Information given —

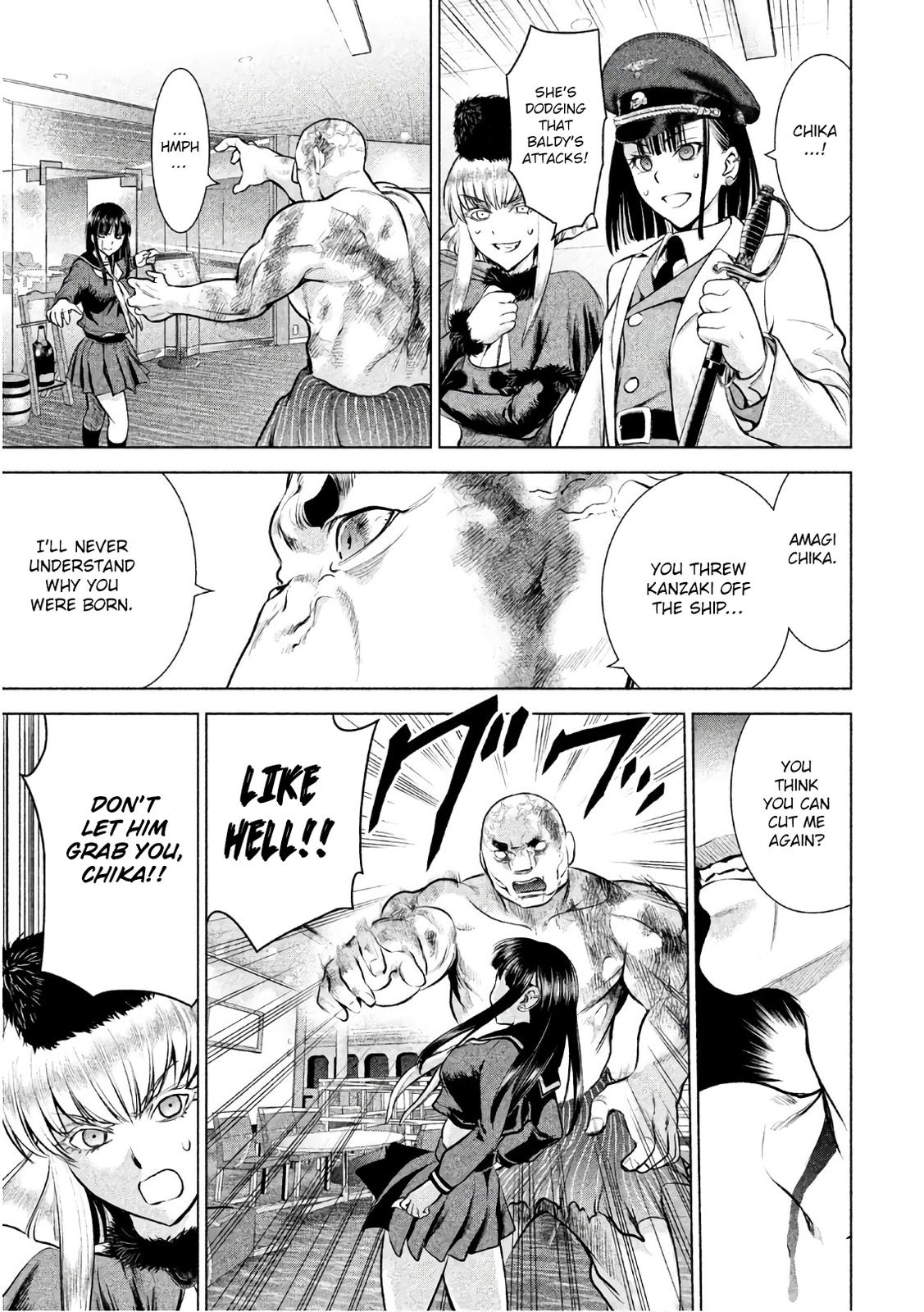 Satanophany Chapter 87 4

...

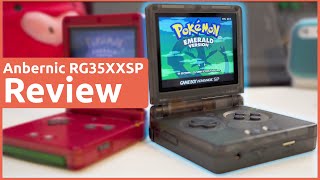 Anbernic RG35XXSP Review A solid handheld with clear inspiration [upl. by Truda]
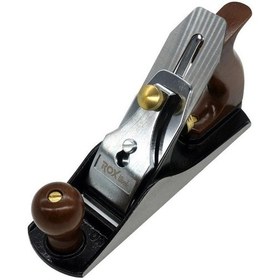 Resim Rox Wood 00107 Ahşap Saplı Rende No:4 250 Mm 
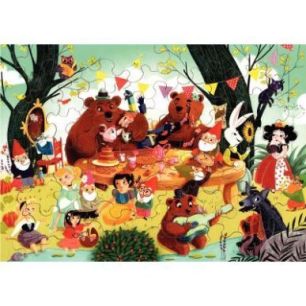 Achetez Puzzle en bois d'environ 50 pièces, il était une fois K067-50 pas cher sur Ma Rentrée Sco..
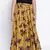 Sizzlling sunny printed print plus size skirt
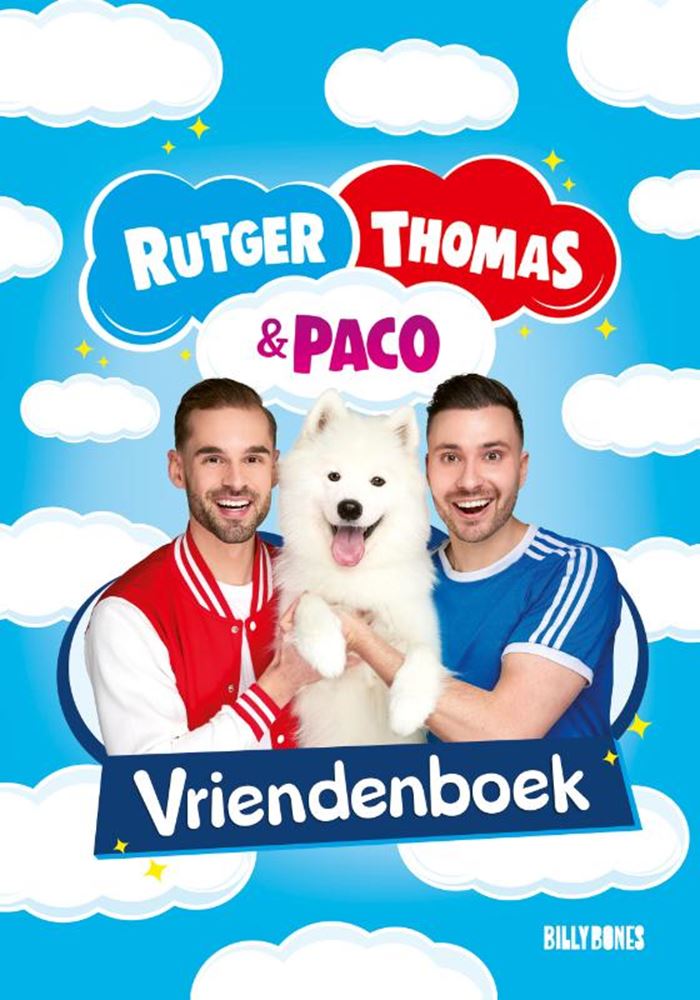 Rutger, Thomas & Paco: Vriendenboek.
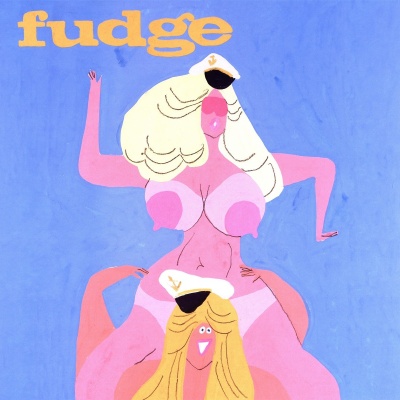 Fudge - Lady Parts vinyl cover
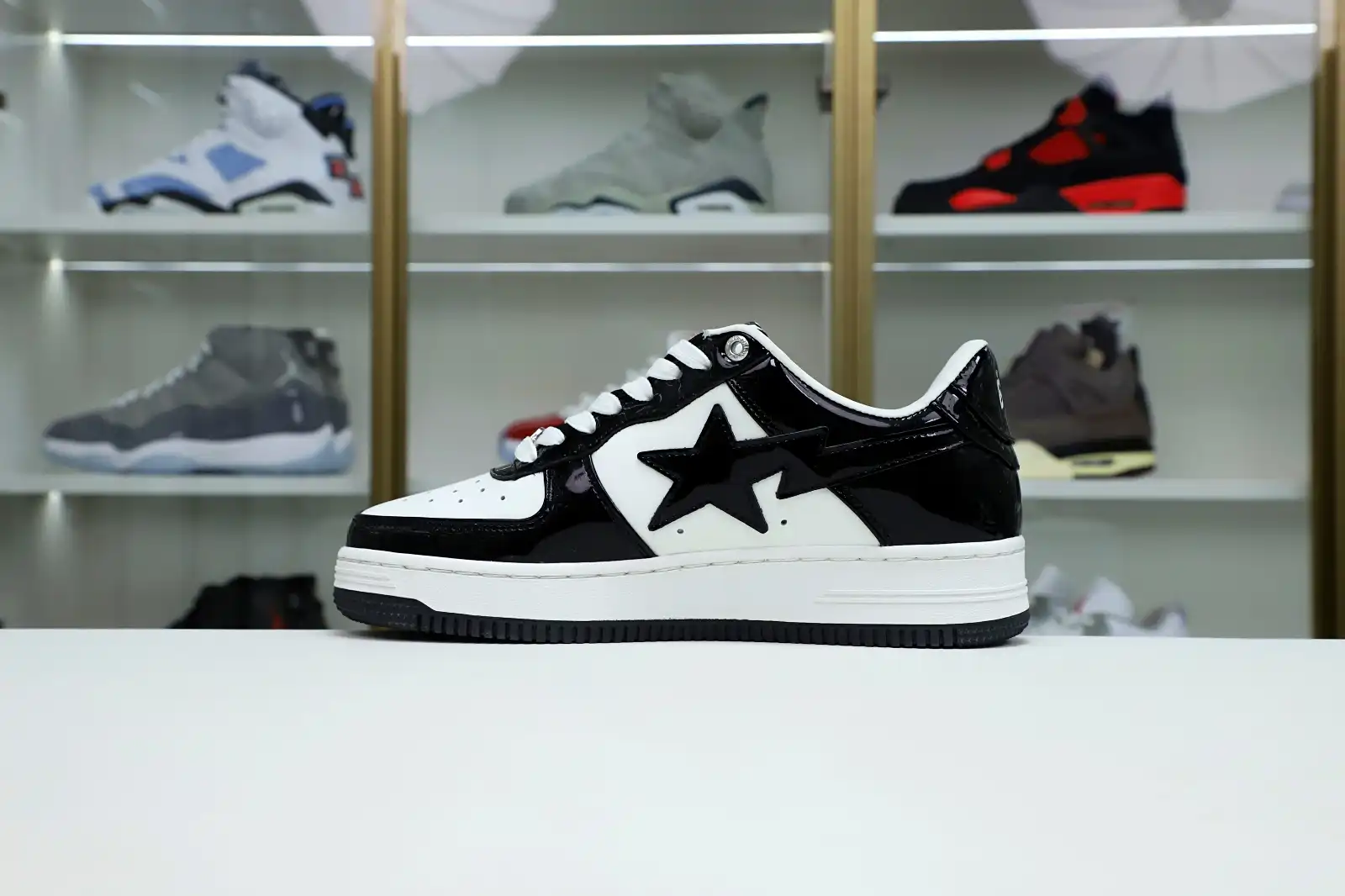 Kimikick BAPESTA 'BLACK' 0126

Exercise objective — Return exactly the lines that appear in the data above between the line containing "Anbernic RG35XXSP Review" and the line containing "Kimikick BAPESTA 'BLACK' 0126", both of which are included, and leave the pictures out.

Solution to this problem —
 Anbernic RG35XXSP Review A solid handheld with clear inspiration [upl. by Truda]
 Resim Rox Wood 00107 Ahşap Saplı Rende No:4 250 Mm 
 Achetez Puzzle en bois d'environ 50 pièces, il était une fois K067-50 pas cher sur Ma Rentrée Sco..
 Sizzlling sunny printed print plus size skirt
 Rutger, Thomas & Paco: Vriendenboek.
 Fudge - Lady Parts vinyl cover
 Kimikick BAPESTA 'BLACK' 0126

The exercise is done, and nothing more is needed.